A l’époque de tous les défis économiques, la Tunisie semble avoir trouvé son meilleur atout pour l’aider à relancer sa croissance : Marouane Abassi. Considéré comme l’un des meilleurs spécialistes de la finance au Maghreb selon Bloomberg, ce Tunisois de 59 ans veut mettre tout en œuvre pour sortir l’économie tunisienne de la situation difficile de laquelle elle peine à sortir. Les six années de son mandat de gouverneur de la Banque centrale tunisienne ne manquent pas d’enjeux, mais les premiers résultats sont encourageants et semblent témoigner de l’efficacité de ses mesures.
Docteur en économie de l’université Paris I Panthéon Sorbonne et agrégé en économie, Marouane Abassi admet que « le contexte est difficile, mais rien n’est impossible si on change notre façon de penser ». Les enjeux sont en effet de taille et il ne sera pas simple de convaincre Bruxelles de sortir la Tunisie de sa « liste noire » des pays susceptibles d’être fortement exposés au blanchiment de capitaux et au financement du terrorisme.
Un contexte économique tunisien difficile
Les investisseurs étrangers, bien qu’ils reconnaissent le potentiel de la Tunisie, restent perplexes à cause de l’instabilité politique.
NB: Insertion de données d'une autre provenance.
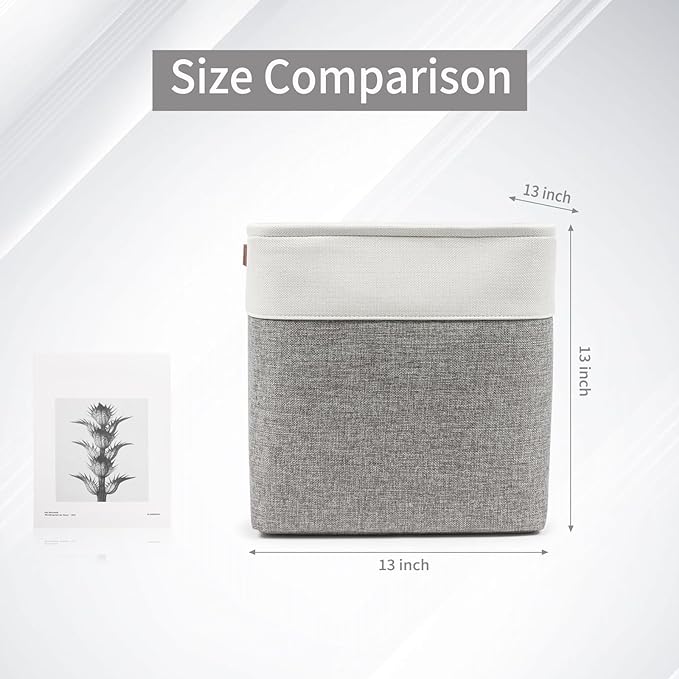 13x13 Cube Storage Bins, Collapsible Fabric Storage Box, 4 Pack Closet Baskets with Handles for Organizing, Shelf, Toys, Clothes, Home, Office, Nursery (Grey&White)-CasaMuseHome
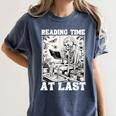 Reading Time At Last Book Lover Introvert Skeleton Reading Women's Comfort Colors T-Shirt Moss Reading Time At Last Book Lover Introvert Skeleton Reading Women's Comfort Colors T-Shirt Moss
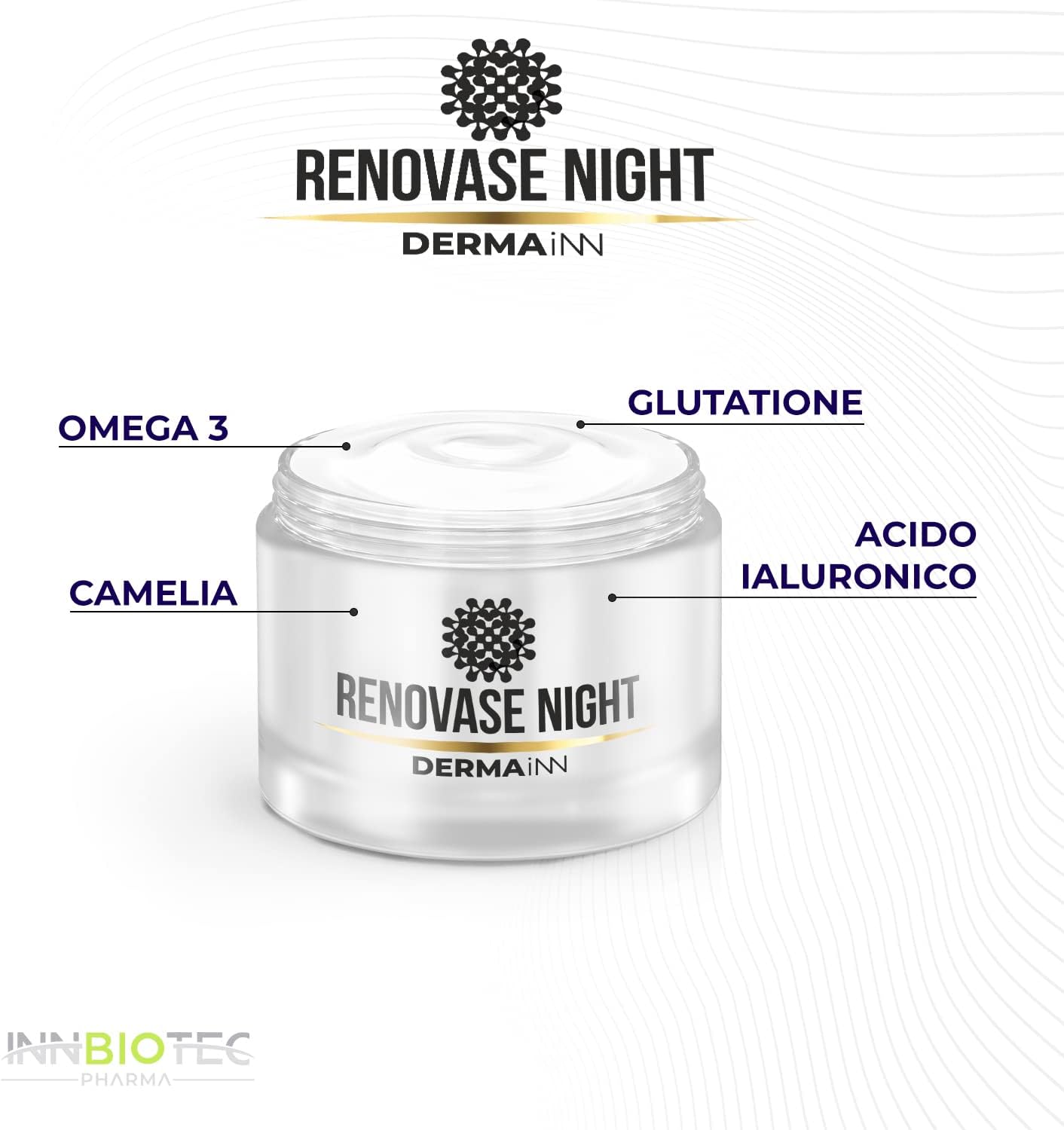 Renovase Night Anti-Wrinkle Face Cream – Anti-Wrinkle Cream – Hyaluronic Acid Face – Acyl Glutathione and Omega 3 – Anti-Wrinkle Night Cream – Anti-Inflammatory Action – Anti-Wrinkle for Men and Women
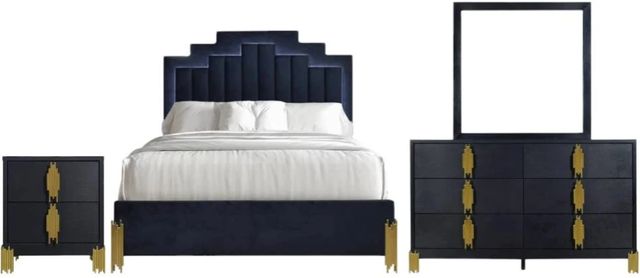 New Classic® Home Furnishings Empire 4-Piece Black Queen Panel Bedroom Set-0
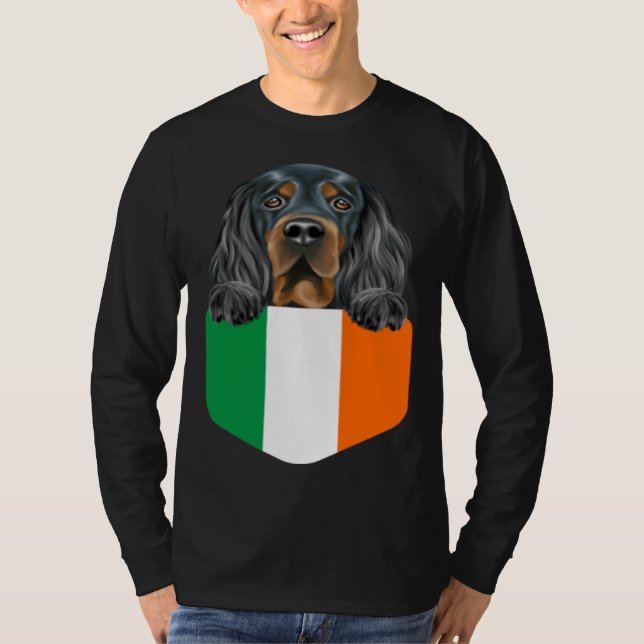 Camiseta Ireland Flag Gordon Setter Dog In Pocket (Anverso)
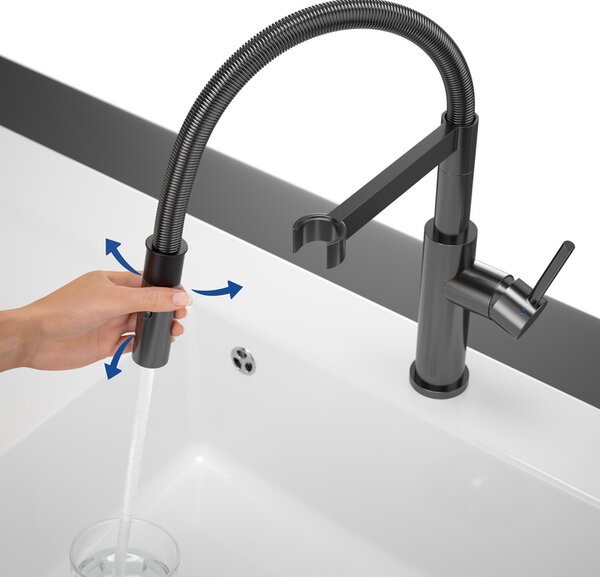 VILLEROY & BOCH Villeroy Boch Steel Expert 2.0 - Dřezová baterie stojánková strunová, antracit 92800005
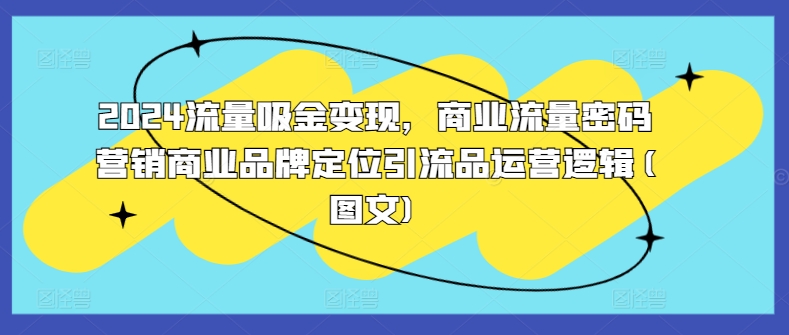 2024流量吸金变现，商业流量密码营销商业品牌定位引流品运营逻辑(图文)-氚客吧
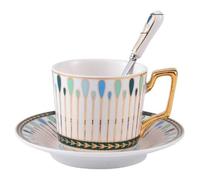 Creative Ceramic Coffee Cup and Saucer Set 250ml (Color : B)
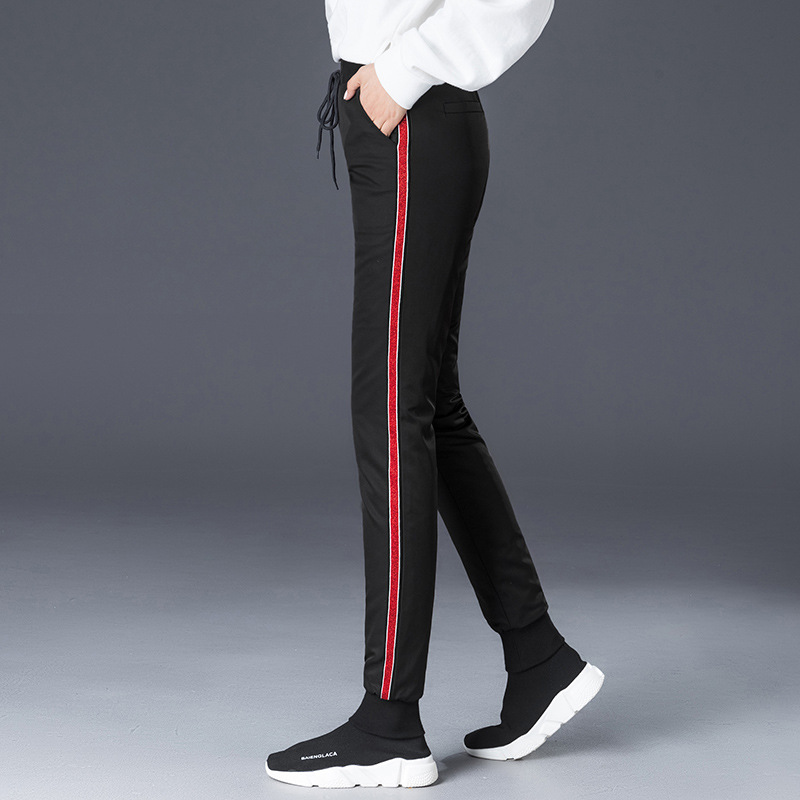 冬季新款松紧高腰系绳加厚保暖侧条大码休闲运动羽绒裤女棉裤9055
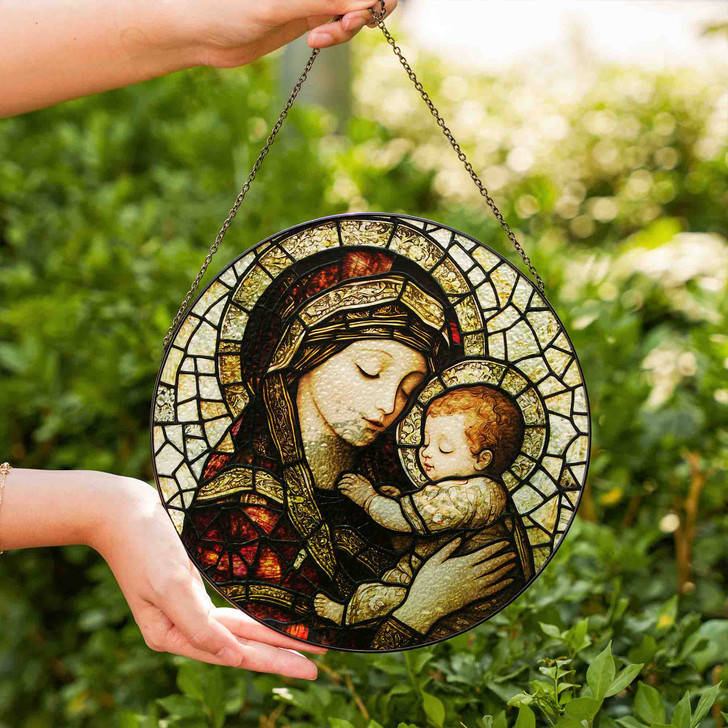 Mother’s Grace Mary and Baby Jesus Glass Suncatcher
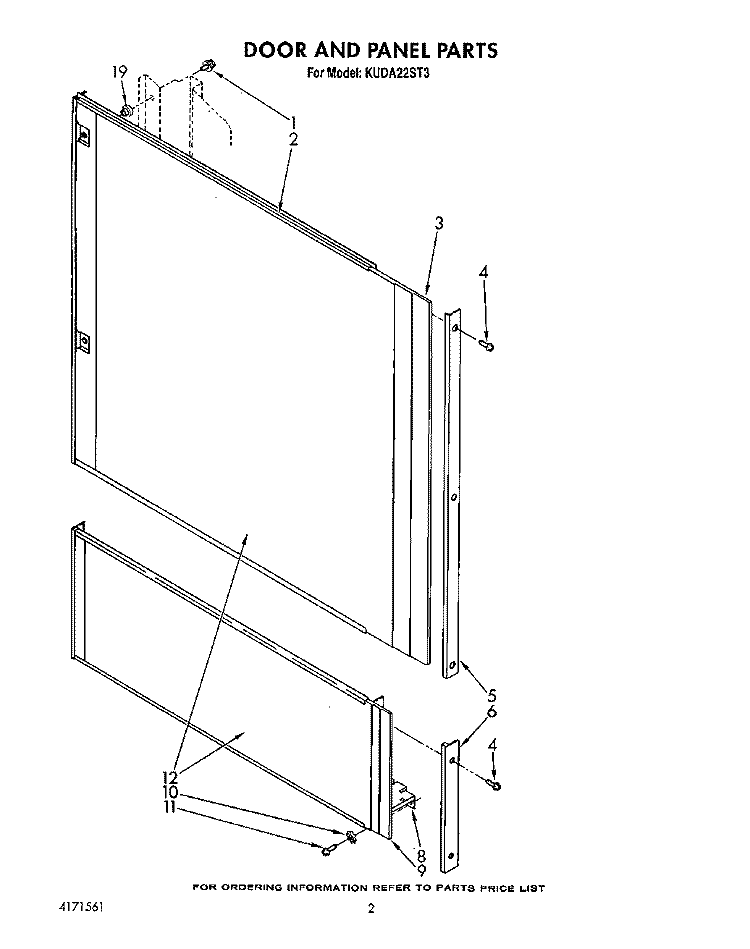 DOOR AND PANEL Diagram and Parts List for KUDA22ST3  KitchenAid Dishwasher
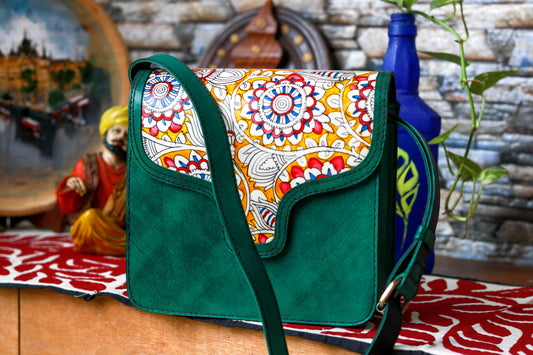 Advaita Handicrafts - Handpainted Leather Sling Purse - Green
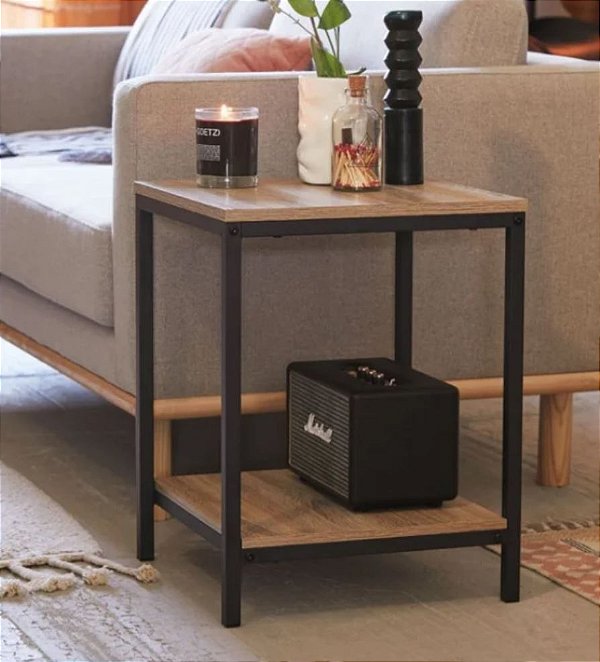 Mesa Lateral de Sofá - 100% MDF e Metalon - Escolha sua cor!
Il lui faut maîtriser l’inflation et réduire le déficit commercial tout en établissant une politique monétaire cohérente pour endiguer, entre autre, la dépréciation du dinar.
Le statut particulier de la BCT lui permet de jouir d’une grande indépendance vis à vis du gouvernement, en assumant complètement la responsabilité du contrôle de la politique monétaire. Abassi, sans liens avec aucun parti politique, peut donc prendre des positions que les hommes politiques ne peuvent se permettre.
Marouane Abassi, ténor de la Banque mondiale où il travaille en tant qu’économiste principal à partir de 2008 puis comme représentant en Libye dès novembre 2010, doit toutefois faire fasse aux pressions internationales. Il lui faudra conserver son indépendance face à l’influence excessive que pourraient avoir les institutions internationales comme le FMI.
Marouane Abassi : l’homme de la situation
Marouane Abassi, décrit comme discret et affable, souhaite moderniser l’économie et faire de la jeunesse tunisienne le moteur de cette révolution. A contexte exceptionnel, politiques exceptionnelles. C’est par des mesures parfois audacieuses et impopulaires qu’il encourage la relance : lutter contre le secteur informel devient une priorité et tourner le dos aux secteurs économiques traditionnels tels que le textile, ne lui fait pas peur.
Il mise sur l’économie d’intelligence et les start-up, plus à même selon lui de générer de la plus-value. Pour le gouverneur de la BCT, l’essentiel est de revenir aux fondamentaux. Réduire les importations, accroître les exportations et stimuler l’investissement. Convaincu que la transparence et la pédagogie sont nécessaires à la compréhension de l’inflation, il n’hésite pas à alerter l’opinion publique sur les risques de l’augmentation de celle-ci.
Rétablir un climat de confiance et de crédibilité
Les indicateurs économiques, parfois alarmants, des derniers mois semblent réagir. Marouane Abassi relève à deux reprises le taux directeur de la Banque centrale tunisienne qui atteint 6,75 % en juin 2018 et résiste aux pressions du FMI pour bloquer une nouvelle hausse de ce taux. Il défie les prévisions pessimistes en maintenant le taux d’inflation à 7,5 %. Rétablir un climat de confiance et de crédibilité est essentiel au retour au bon fonctionnement du système. Marouane Abassi en est persuadé et assure ne pas être « d’un optimisme naïf » dans son analyse de la crise économique. L’homme, qui a renoncé à un poste à l’étranger pour revenir en Tunisie dans ce contexte difficile, plaide en faveur d’une nouvelle culture économique.
Cet ancien professeur à l’université de Carthage, Tsukuba au Japon et au prestigieux Rensselaer Ploythechnic Institue de New York, est convaincu par son expérience d’enseignant que le seul bien qui augmente quand on le partage, est la connaissance. 2019 sera une année décisive pour la Tunisie. Dans un climat intense, entre campagne électorale et mouvements sociaux d’envergure, les Tunisiens espèrent que Marouane Abassi parviendra à exécuter et finaliser son grand plan de redressement de leur pays.